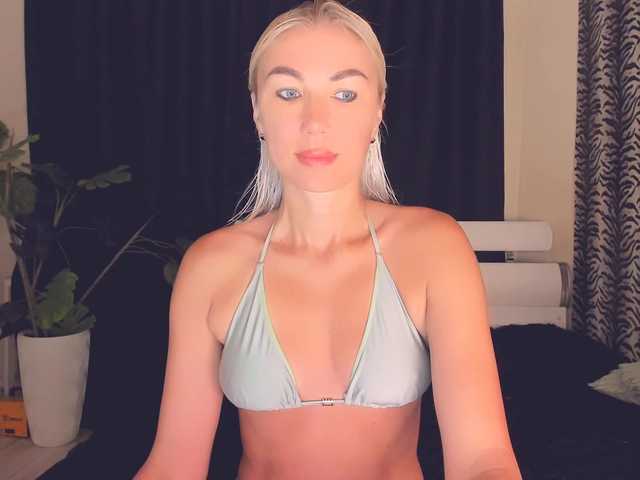 Ukraine777 live cam on BongaCams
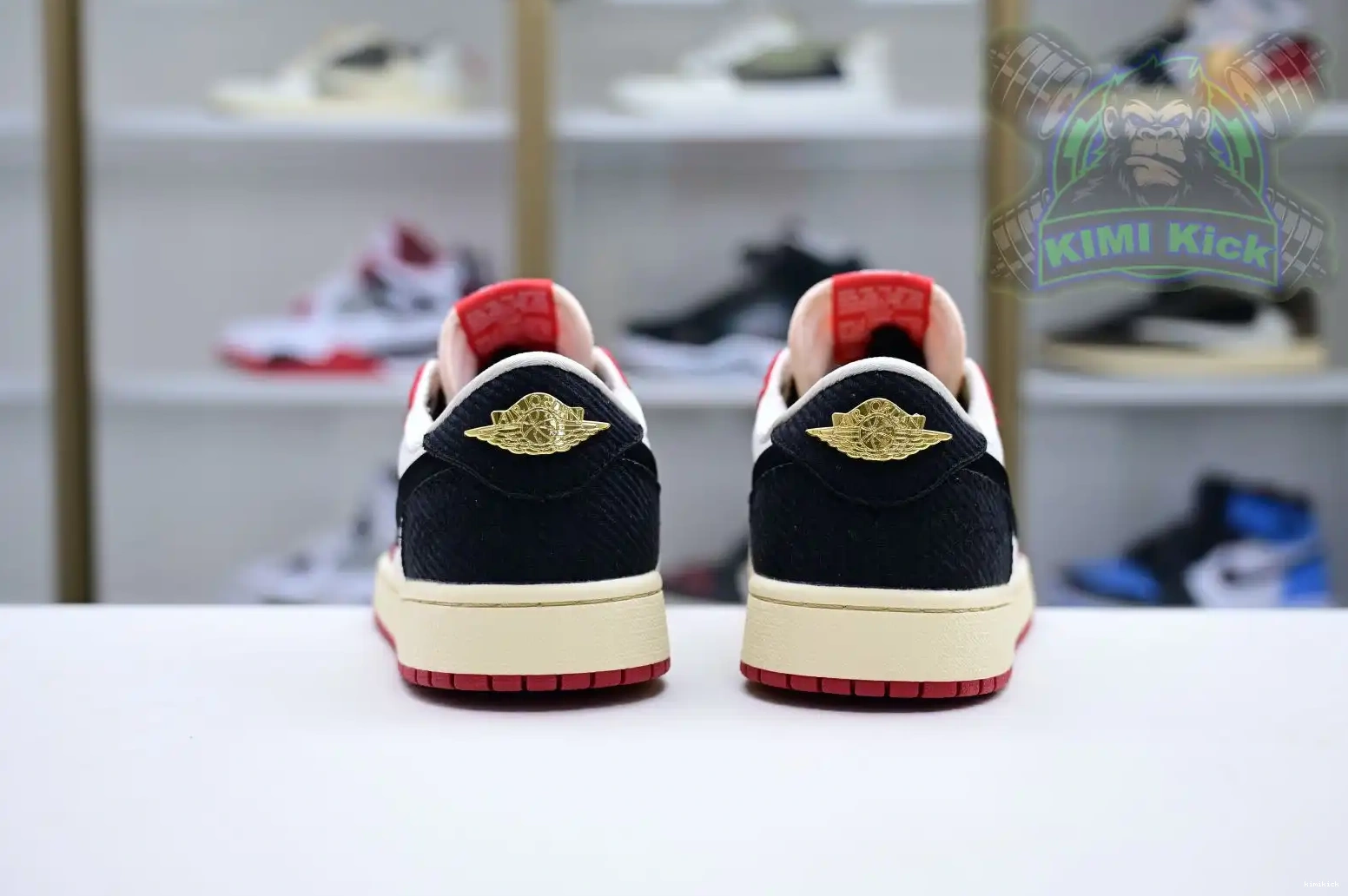 Trophy Kimikick Air “Away” 1 Room x Jordan Jordan Low OG 0506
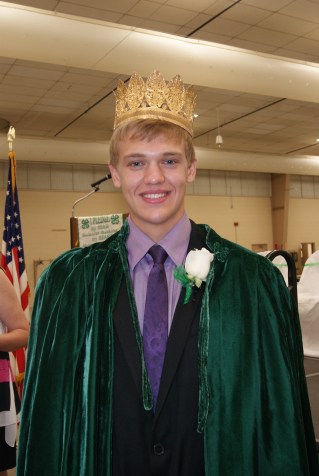Brent Miller of Lyons was crowned Fremont 4-H Fair King. Photo Courtesy of Mary Loftis. 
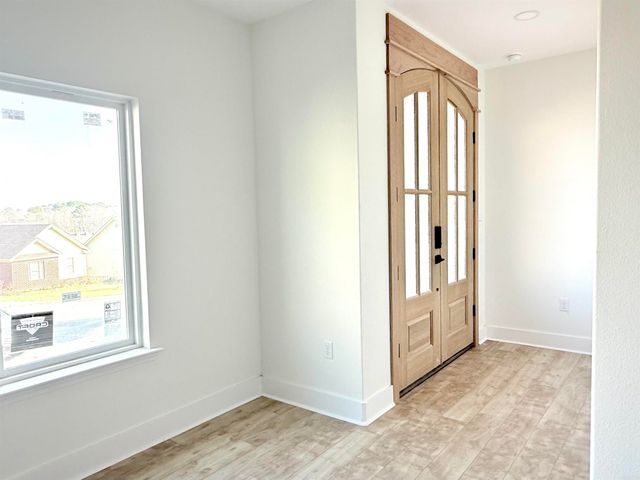 1015 Clinton Court, Alexander, AR 72002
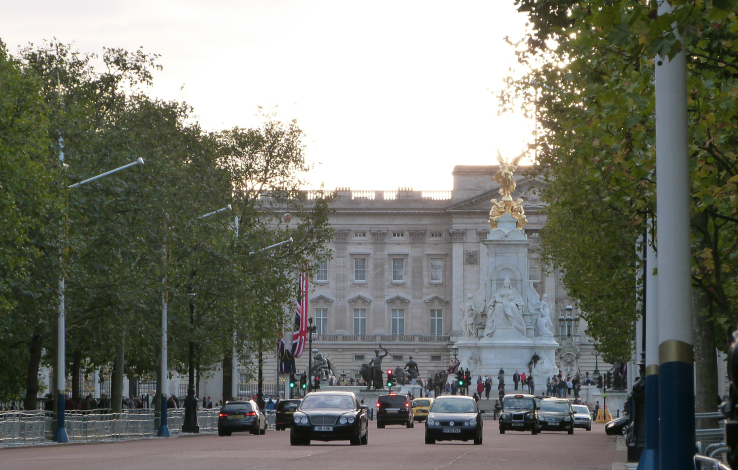 Buckingham Palace from the Mall Buckingham Palace from the Mall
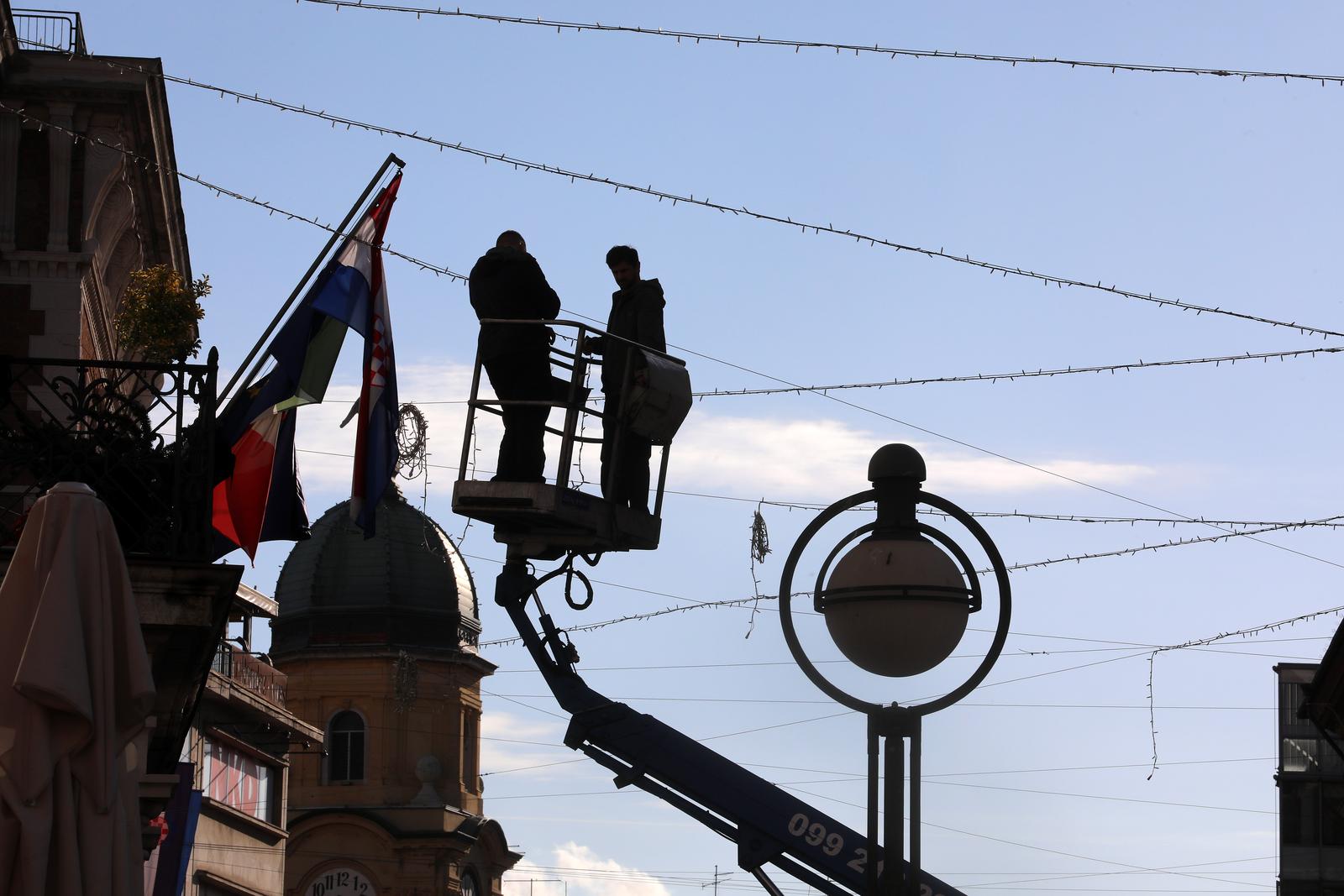 Rijeka: Postavljanje lampica na Korzu uoči božićnih blagdana Rijeka: Postavljanje lampica na Korzu uoči božićnih blagdana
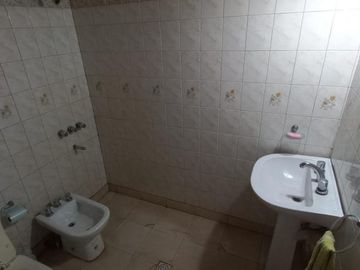 EN VENTA- CASA DE 2 DORMITORIOS SOBRE CALLE LEBEHNSHON
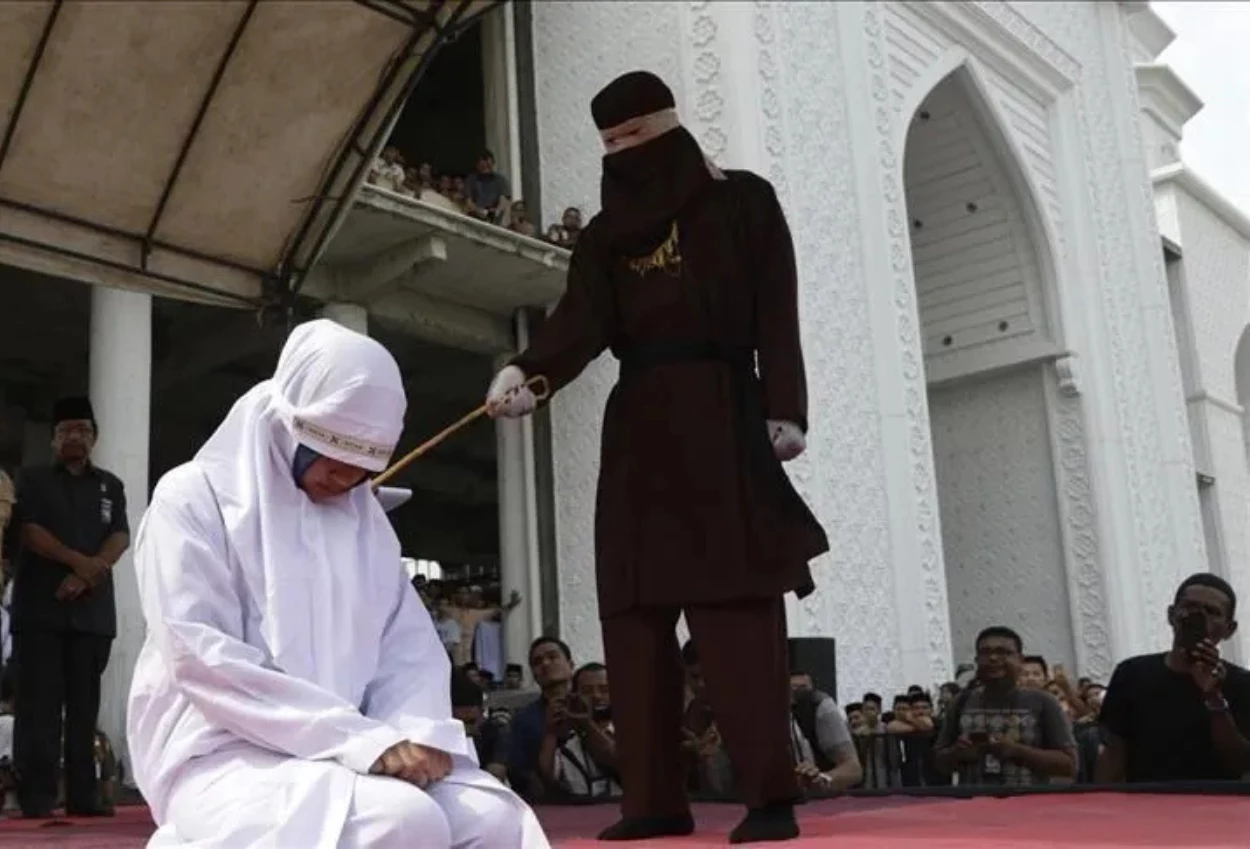 Mesum saat Live TikTok, Sepasang Kekasih Dihukum Cambuk di Aceh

================

Task:
Everything above from the line containing "1015 Clinton Court, Alexander, AR 72002" down to the line containing "EN VENTA- CASA" is to be duplicated exactly, both lines included, and the pictures are to be omitted.

Response to the task:
 1015 Clinton Court, Alexander, AR 72002
 Buckingham Palace from the Mall Buckingham Palace from the Mall
 Rijeka: Postavljanje lampica na Korzu uoči božićnih blagdana Rijeka: Postavljanje lampica na Korzu uoči božićnih blagdana
 EN VENTA- CASA DE 2 DORMITORIOS SOBRE CALLE LEBEHNSHON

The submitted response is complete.